Segment Start: Data excerpt

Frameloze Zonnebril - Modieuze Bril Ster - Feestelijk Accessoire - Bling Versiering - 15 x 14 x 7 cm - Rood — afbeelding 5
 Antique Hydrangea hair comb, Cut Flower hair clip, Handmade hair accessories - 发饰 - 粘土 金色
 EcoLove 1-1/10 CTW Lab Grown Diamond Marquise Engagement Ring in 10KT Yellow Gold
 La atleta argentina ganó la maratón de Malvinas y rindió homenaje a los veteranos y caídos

Segment End: Data excerpt

== Task directions ==
All the lines above need to be printed again, exactly.

== Output ==
Frameloze Zonnebril - Modieuze Bril Ster - Feestelijk Accessoire - Bling Versiering - 15 x 14 x 7 cm - Rood — afbeelding 5
 Antique Hydrangea hair comb, Cut Flower hair clip, Handmade hair accessories - 发饰 - 粘土 金色
 EcoLove 1-1/10 CTW Lab Grown Diamond Marquise Engagement Ring in 10KT Yellow Gold
 La atleta argentina ganó la maratón de Malvinas y rindió homenaje a los veteranos y caídos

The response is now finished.